Variable measurement
Table 1 provides the measures of the research variables. SME internationalisation is the dependent variable for the study. Studies have measured SME internationalisation using dimensions such as extent, speed, and scope of internationalisation (Dar and Mishra, 2019). Export is the most common and convenient measure for SMEs to enter international markets (Jafari-Sadeghi et al., 2020; Mmadubuko et al., 2025). Export plays a crucial role in the competitiveness of SMEs in international markets. Export intensity is measured as the ratio of exports to total sales (Dong et al., 2022). The logarithm of the percentage of direct and indirect export sales measures export.
Definition of variables and their measurement.
Certification serves as a vital indicator of a firm's commitment to maintaining international standards and best practices.

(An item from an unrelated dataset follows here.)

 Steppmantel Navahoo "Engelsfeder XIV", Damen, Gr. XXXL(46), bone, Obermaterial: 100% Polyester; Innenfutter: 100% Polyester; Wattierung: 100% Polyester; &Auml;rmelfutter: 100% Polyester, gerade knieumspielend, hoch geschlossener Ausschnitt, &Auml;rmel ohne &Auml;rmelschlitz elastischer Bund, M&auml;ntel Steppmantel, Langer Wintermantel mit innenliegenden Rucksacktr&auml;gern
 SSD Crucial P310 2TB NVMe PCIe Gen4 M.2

This study employs a binary variable to capture the presence or absence of internationally recognised quality certifications such as ISO 9000 and ISO 14000. The inclusion of internationally recognised certifications signifies a firm's dedication to delivering products and services of consistently high quality, while prioritising environmental responsibility and competitiveness on an international level. This measure of certification is used by Sdiri (2023). Certification serves as a moderator in the relationship between corruption and SME internationalisation. Certification addresses corruption by upholding integrity in firms that adhere to internationally acclaimed standards, thereby enhancing their credibility with international stakeholders, investors, customers, and regulatory bodies, and reducing their reliance on corruption for internationalisation (Gil-Barragan and López-Sánchez, 2021).

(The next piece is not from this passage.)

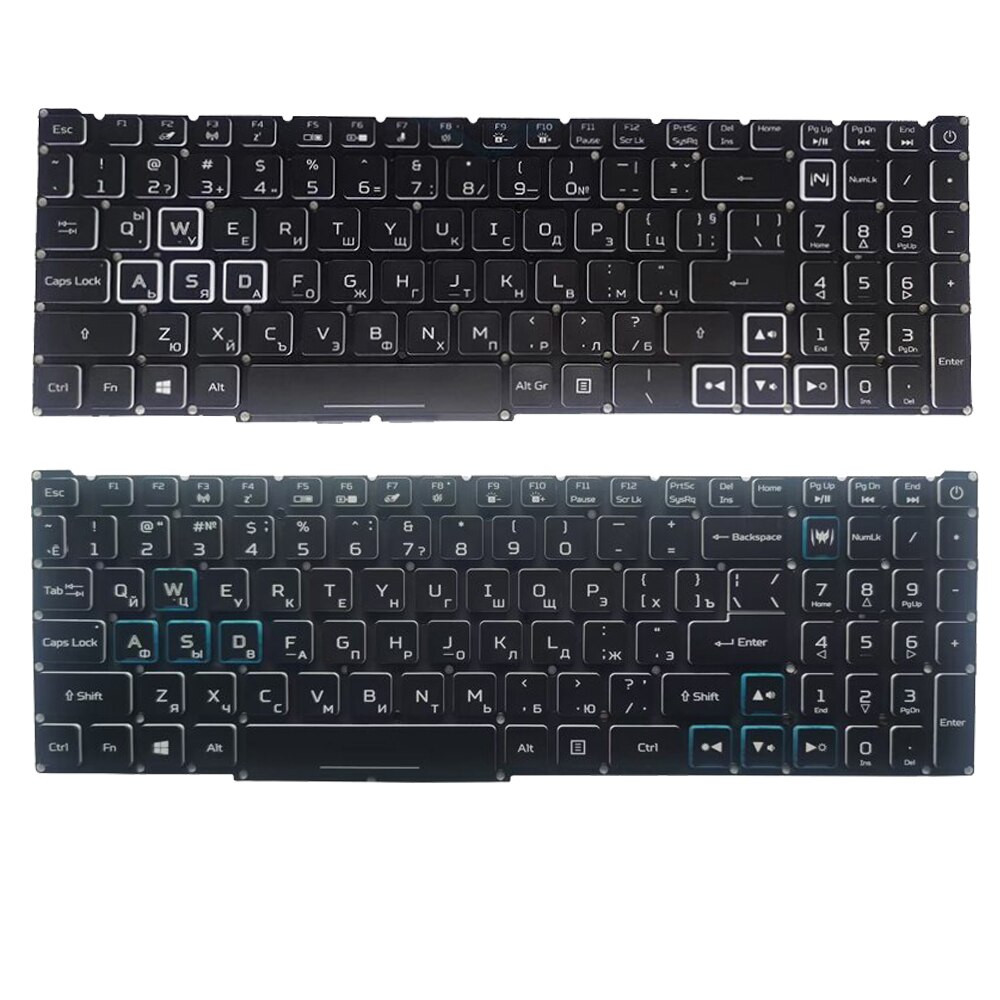ο RGB þƾ Ű Acer Nitro 5 AN515-57 AN515-45 Helios 300 PH315-54 RU äο Ʈ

Innovation is a vital determinant of a firm's internationalisation. Consistent with previous studies, innovation refers to the introduction of new goods, services, and processes within a firm's operations (Higón, 2011). Innovation is measured by process and product innovation as they reflect the output and operational efficiency of firms. For SMEs to internationalise quickly and effectively, they must innovate internally and adapt (Sadraei and Sadeghi, 2025). For this study, innovation serves as a moderator between Corruption and the SME Internationalisation relationship. Innovation provides SMEs with alternative, non-corrupt pathways for entering global markets. Thus, innovation enhances firms’ resilience against institutional constraints (Mohammad and Husted, 2021).

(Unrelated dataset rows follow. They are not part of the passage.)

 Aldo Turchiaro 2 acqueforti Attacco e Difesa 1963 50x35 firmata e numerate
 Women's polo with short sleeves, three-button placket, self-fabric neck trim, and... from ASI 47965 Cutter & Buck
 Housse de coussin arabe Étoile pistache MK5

Firm size can influence internationalisation actions and outcomes (Kirca et al., 2012). In this study, firm size is measured by the logarithm of the firm's annual sales as used by Sinha et al. (2022). Firm ownership may influence firms’ strategic decisions regarding internationalisation and the development of international relationships. Firm ownership is measured by the percentage of the firm owned by foreign private individuals, as measured by Fernández and Nieto (2006), as it may indicate knowledge of international markets, which tends to facilitate innovative capabilities and export performance (Yi et al., 2013).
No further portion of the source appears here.